Last week, Adam Michnik returned to The New School and gave a provocative lecture, “After the Election of Pope Francis: What Paths for the Catholic Church?” In his talk, more about the Church and democracy in Poland than about events in Rome and the Catholic Church as a whole, the renowned Polish intellectual highlighted the two different paths taken by the Church in current public debates: the increasingly popular fundamentalist approach, termed “Integralism,” resistant to the recommendations of openness formulated at the Second Vatican Council, and the marginalized liberal approach, termed “Progressivist,” adopted by the liberal-oriented Catholics. Michnik worried that Pope Francis would be on the wrong side of this debate, or on the sidelines, given his ambiguous at best relationship with dictatorship in Argentina. The talk addressed pressing issues in Poland. Michnik, as usual, was bold in his presentation. It has broad implications beyond Polish borders, which I appreciate. Yet, I also have a question. For, I think Michnik misses a crucial point, concerning Poland, and also concerning the Pope and the Catholic Church and the need to address religious fundamentalism.
Michnik pointed out that the integralist and the progressivist paths emerged as part of the Catholic Church’s struggle for power to shape public debate in post-1989 democratic Poland. To his great dismay, instead of strengthening the Church’s liberal voice, open to the new issues that the newly democratic country had to face as it opened to the outside world, the Church has become dominated by simplistic conservative and nationalistic arguments, which reinforce hostile attitudes toward all that is unfamiliar or strange.
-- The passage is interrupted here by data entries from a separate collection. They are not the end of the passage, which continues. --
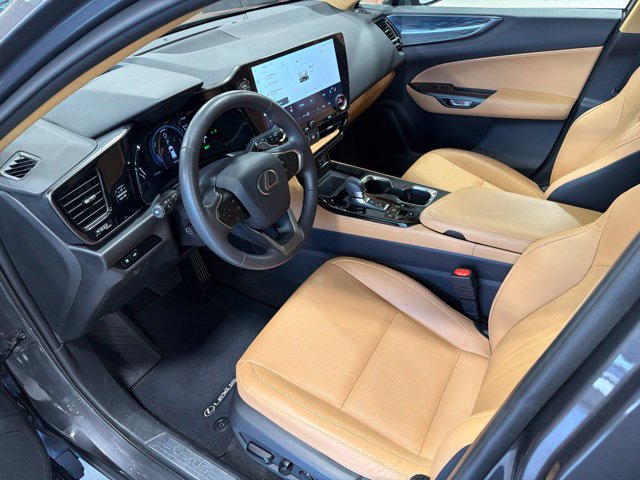 Used 2024 Lexus NX 350h AWD image 11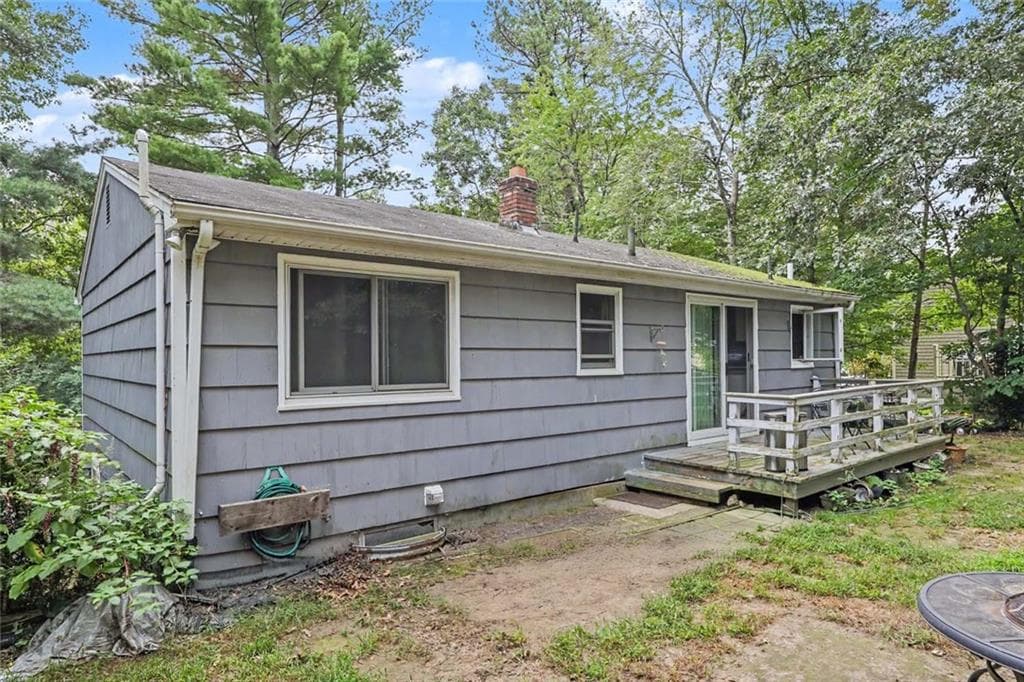 Single Family Residence at 33 Evergreen Drive, Exeter, photo 32 of 36
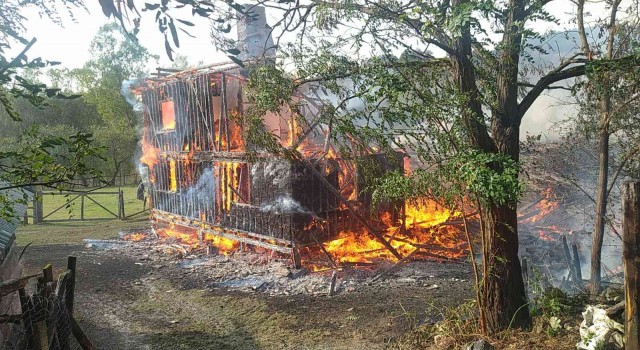 Kastamonuda iki katlı ahşap ev ve ahır yangında küle döndü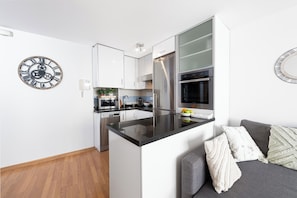50-inch TV with cable channels - Solaga - Carreteria (Málaga)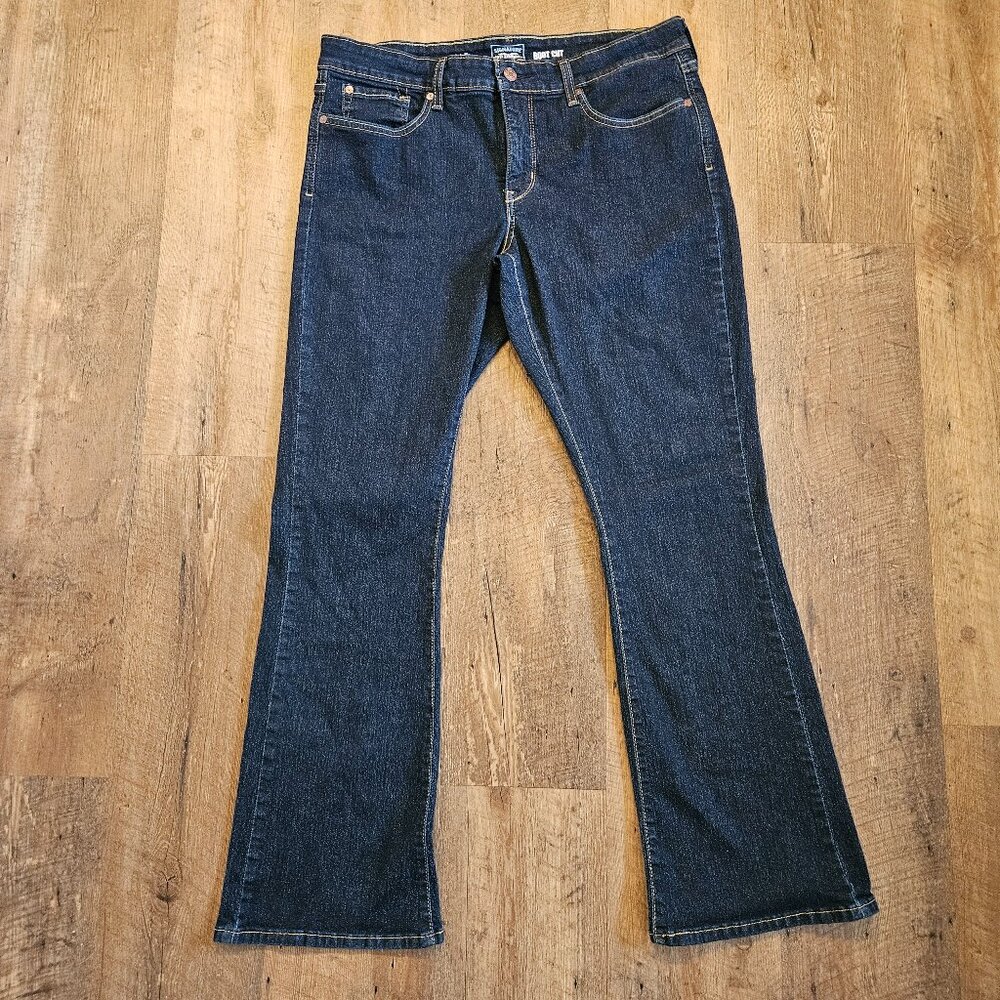 Levi Strauss Signature Gold Totally Shaping Bootcut Jeans Women’s Size 18 Dark W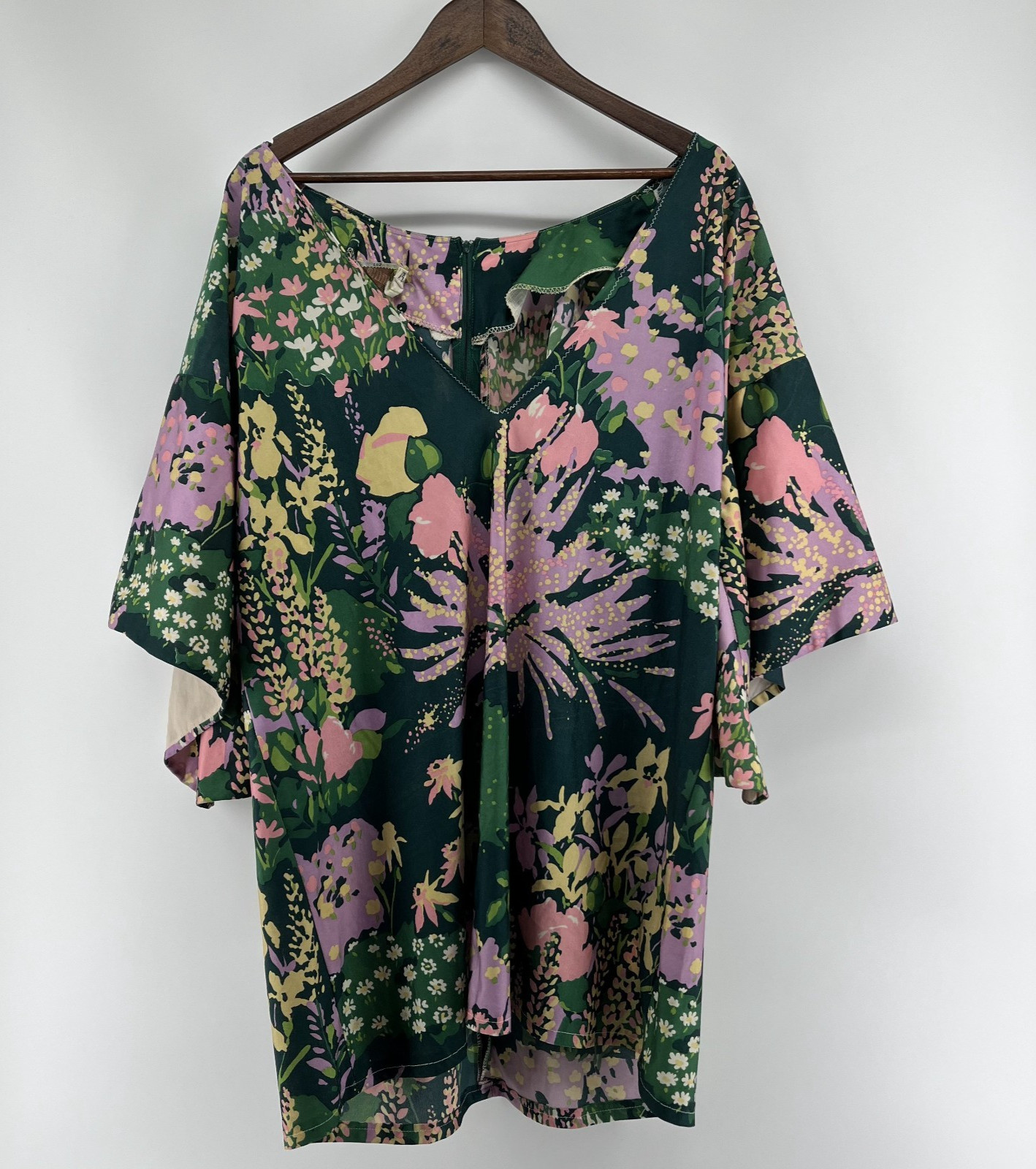Vtg Bernardo Top Women XL Miami Paris Rome 70s Floral Fashions in Elegance READ!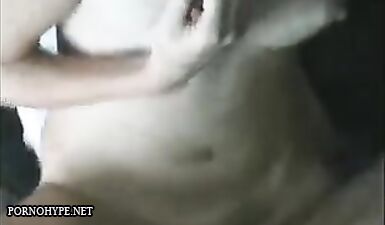 Жесткое проникновение во все отверстия у шлюхи
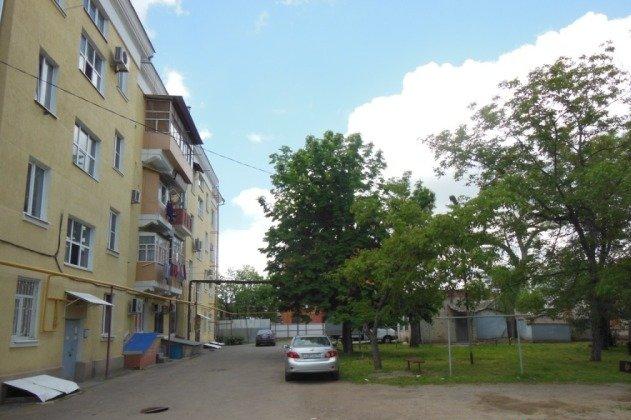 Продажа 3-комнатной квартиры, Краснодар, Северная улица,  305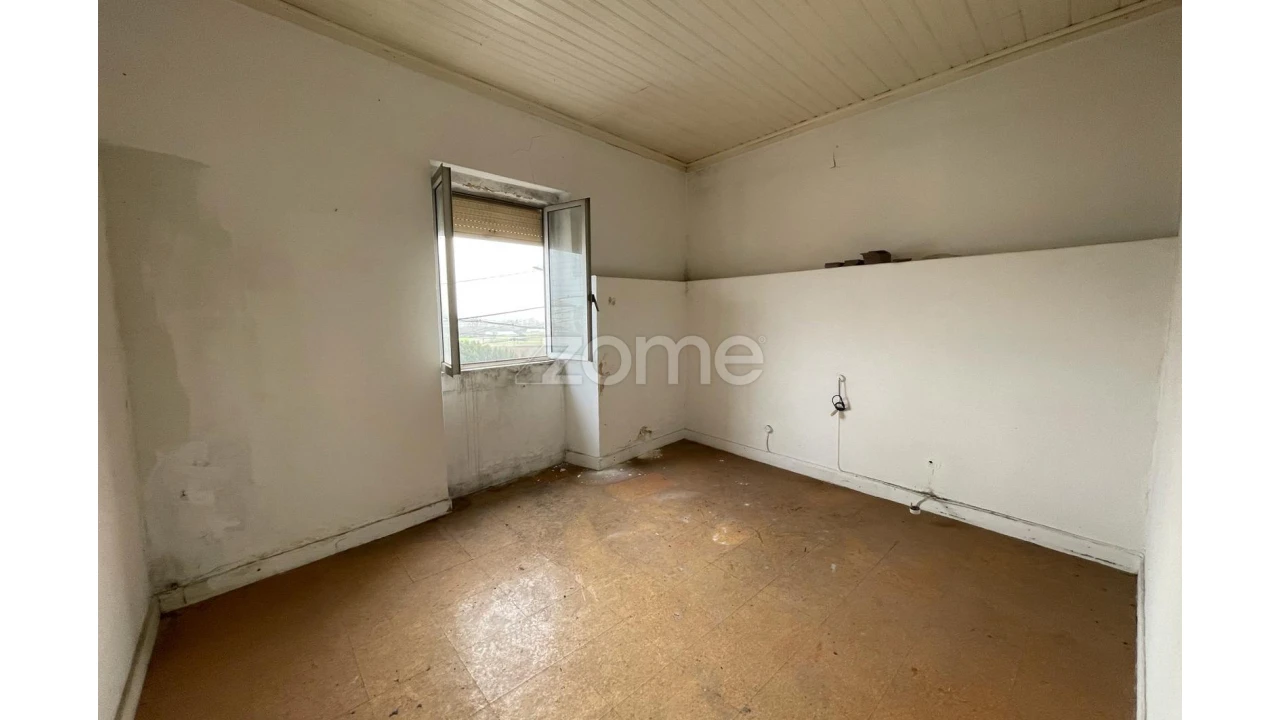 Moradia T2 para Venda em Sé Nova, Santa Cruz, Almedina e São Bartolomeu Foto 1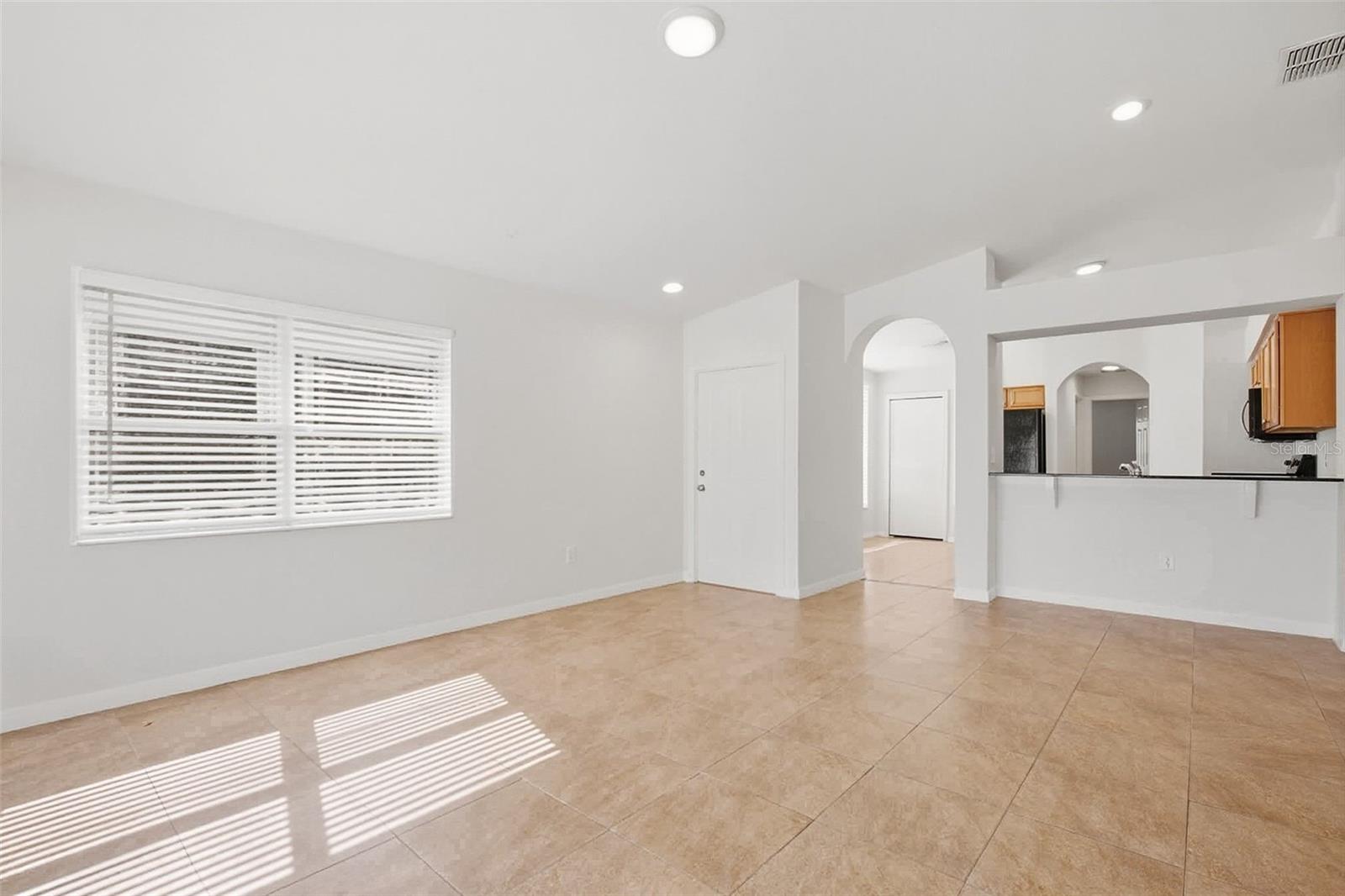 Image 5 of 30 For 3306 Hoylake Court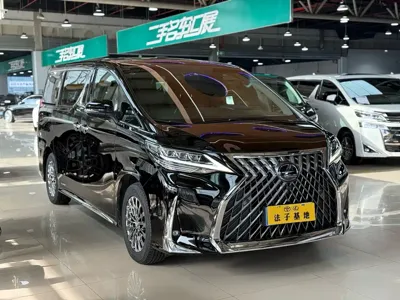 Lexus LM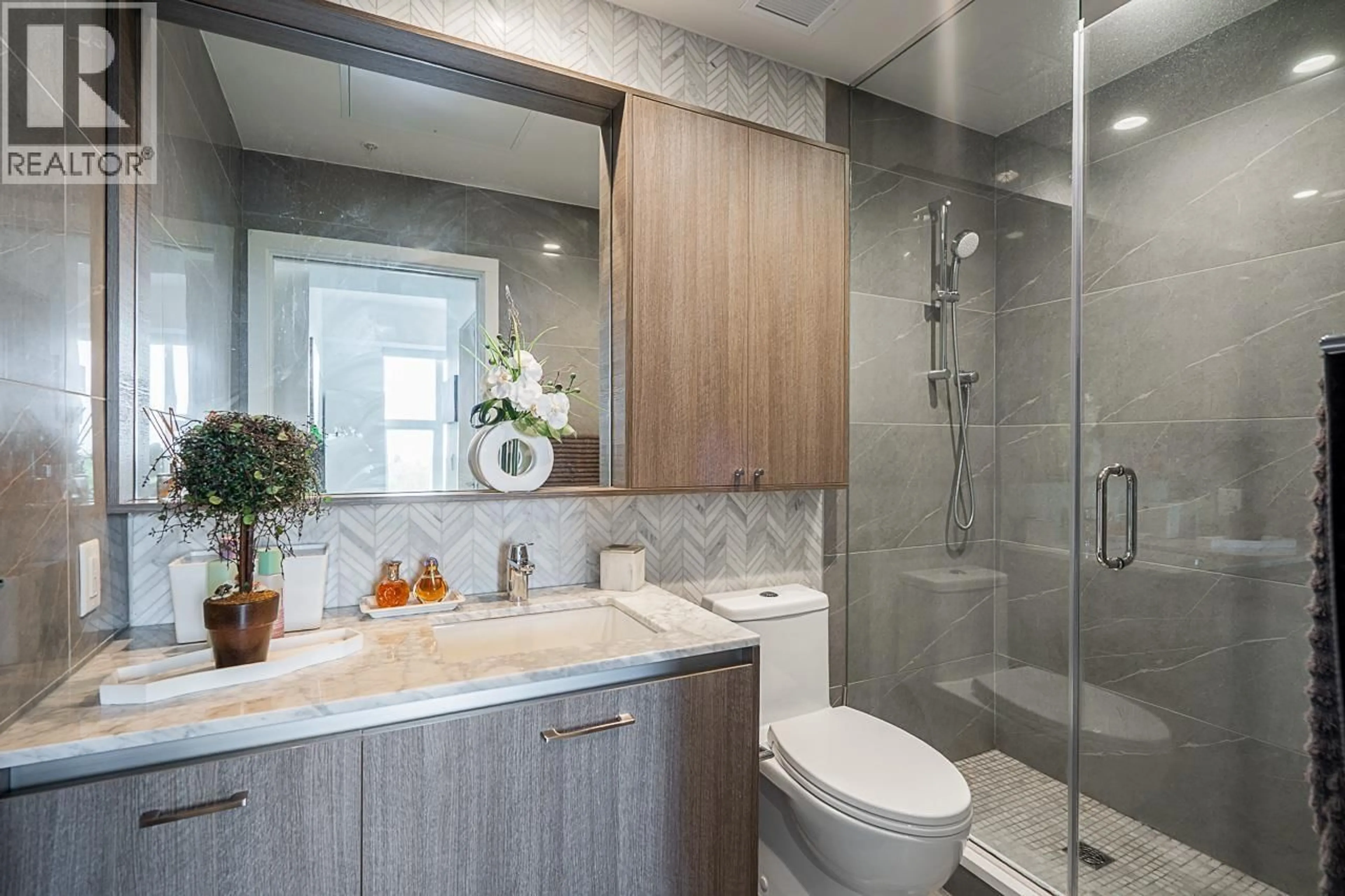 Contemporary bathroom, ceramic/tile floor for 605 - 5733 ALBERTA STREET, Vancouver British Columbia V5Y0M3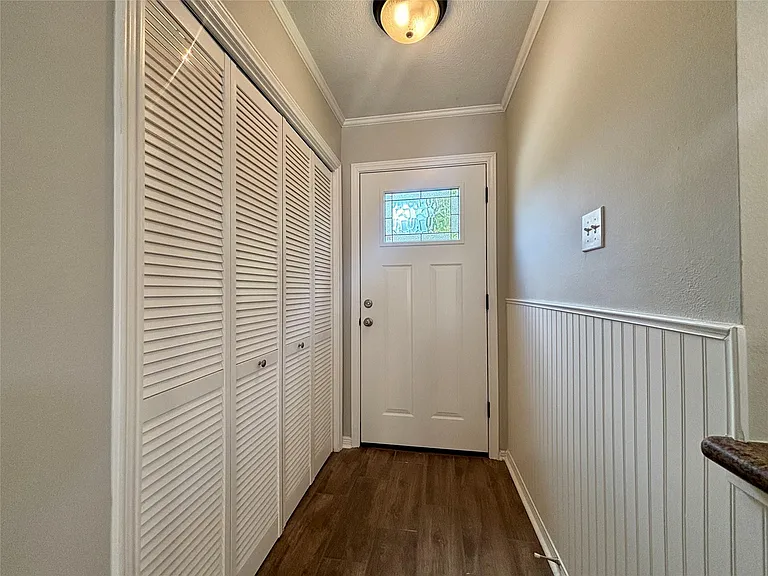 2030 Plantation Dr #B1 — Photo 13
As a consequence, the church has fostered a destructive divide between “us” and “them,” which cuts across Polish society. According to Michnik, a significant role in disseminating the fundamentalist message is played by “Radio Maryja” and “TV Trwam.” These media outlets, owned by Father Tadeusz Rydzyk, a controversial Catholic priest often accused of promoting xenophobia and anti-Semitism, are widely popular in small towns in Poland.
Michnik did not have a simple answer to his question, “What Paths for the Catholic Church?“ His overall argument centered around the Polish Church’s reluctance to accept any form of criticism, and he expressed concern that Pope Francis, with his beautiful gestures towards the poor will not address the threat of Catholic fundamentalism in Poland and beyond.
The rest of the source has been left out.